+++ EXERCISE DATA +++

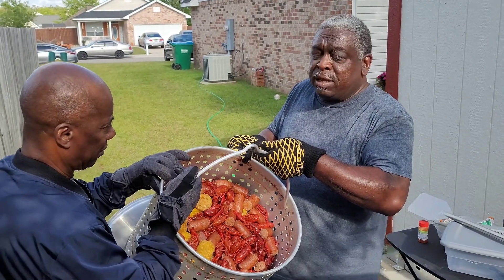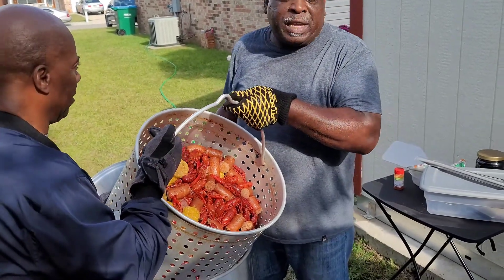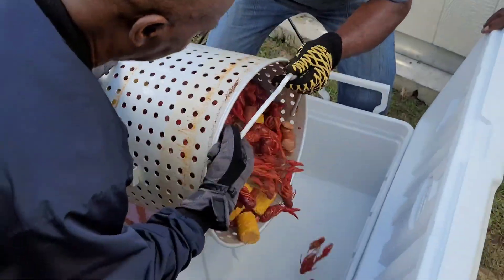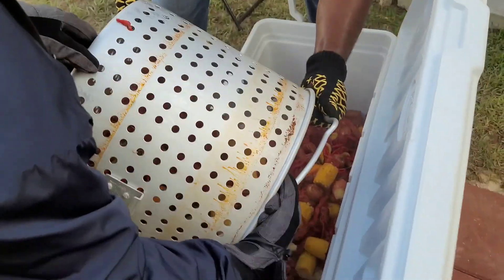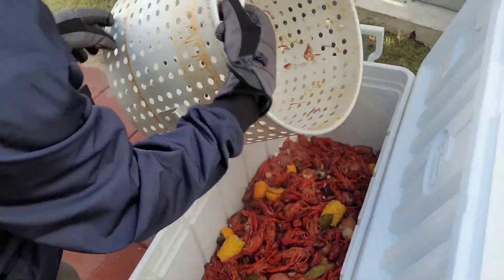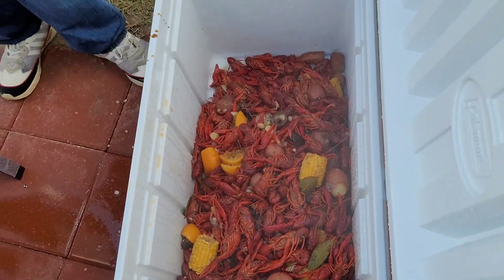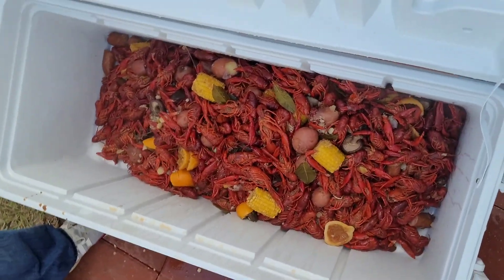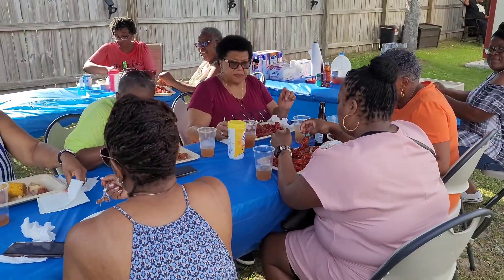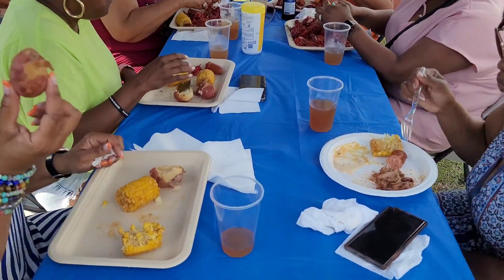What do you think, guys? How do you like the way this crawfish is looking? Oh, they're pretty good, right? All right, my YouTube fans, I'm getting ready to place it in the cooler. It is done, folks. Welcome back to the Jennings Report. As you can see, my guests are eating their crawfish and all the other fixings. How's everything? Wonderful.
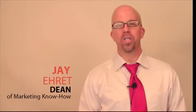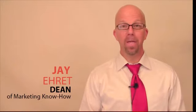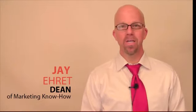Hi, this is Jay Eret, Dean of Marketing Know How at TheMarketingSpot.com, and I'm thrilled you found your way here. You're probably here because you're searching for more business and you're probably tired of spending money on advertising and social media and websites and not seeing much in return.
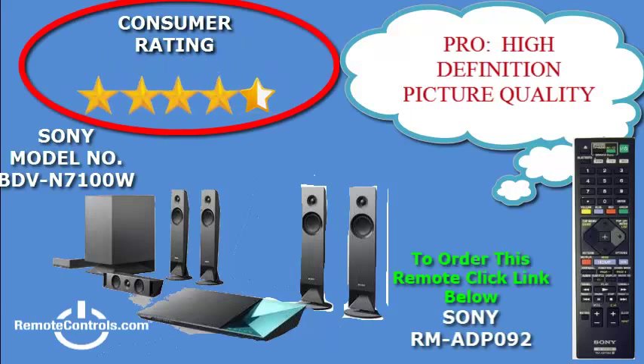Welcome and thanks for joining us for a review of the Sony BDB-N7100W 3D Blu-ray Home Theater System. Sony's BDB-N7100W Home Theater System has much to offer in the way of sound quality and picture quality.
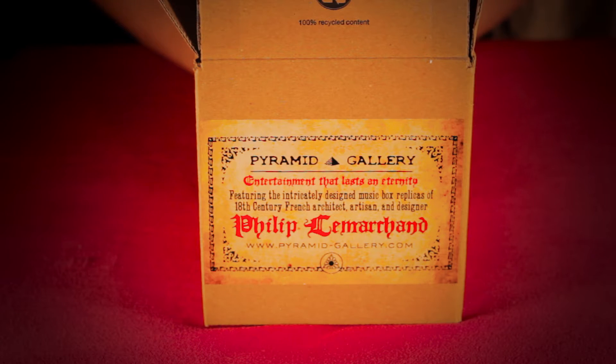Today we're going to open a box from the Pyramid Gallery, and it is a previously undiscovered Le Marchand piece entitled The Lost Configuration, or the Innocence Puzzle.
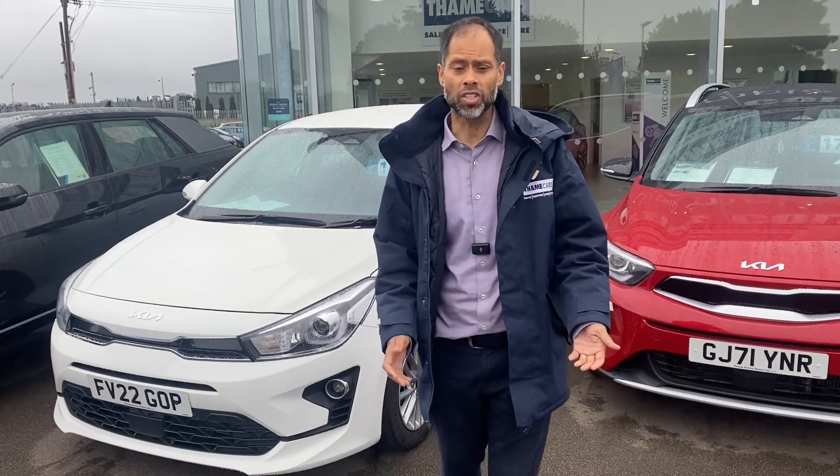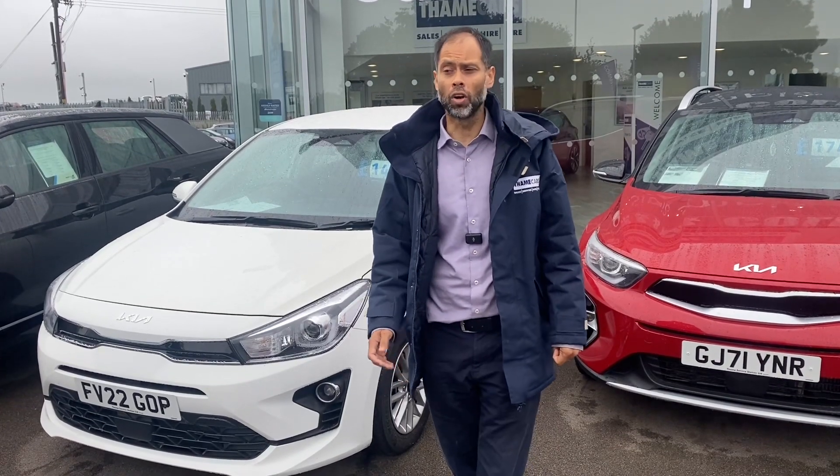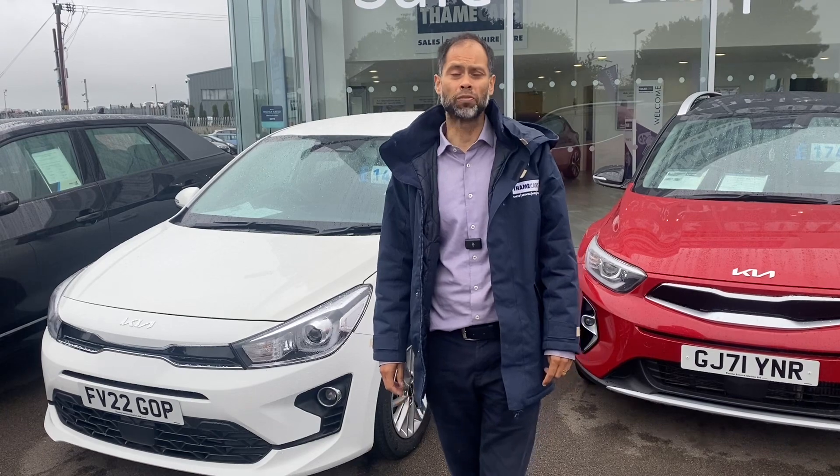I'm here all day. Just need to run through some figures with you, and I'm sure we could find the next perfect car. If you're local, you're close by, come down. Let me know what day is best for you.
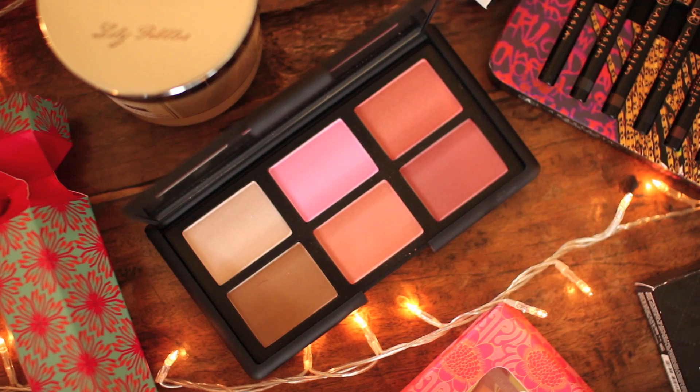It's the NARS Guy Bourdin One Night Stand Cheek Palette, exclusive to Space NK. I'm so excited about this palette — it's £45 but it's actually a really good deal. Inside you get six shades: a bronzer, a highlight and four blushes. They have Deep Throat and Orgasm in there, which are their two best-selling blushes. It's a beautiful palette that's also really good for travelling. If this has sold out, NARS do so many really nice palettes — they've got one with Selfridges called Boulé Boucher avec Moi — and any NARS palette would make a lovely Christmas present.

+++

All lines above from the one containing "Welcome and thanks" up to and including the one containing "I'm here all" are to be set down exactly, and nothing else. Leave images out.

REPLY TO THE TASK —
Welcome and thanks for joining us for a review of the Sony BDB-N7100W 3D Blu-ray Home Theater System. Sony's BDB-N7100W Home Theater System has much to offer in the way of sound quality and picture quality.
Today we're going to open a box from the Pyramid Gallery, and it is a previously undiscovered Le Marchand piece entitled The Lost Configuration, or the Innocence Puzzle.
I'm here all day. Just need to run through some figures with you, and I'm sure we could find the next perfect car. If you're local, you're close by, come down. Let me know what day is best for you.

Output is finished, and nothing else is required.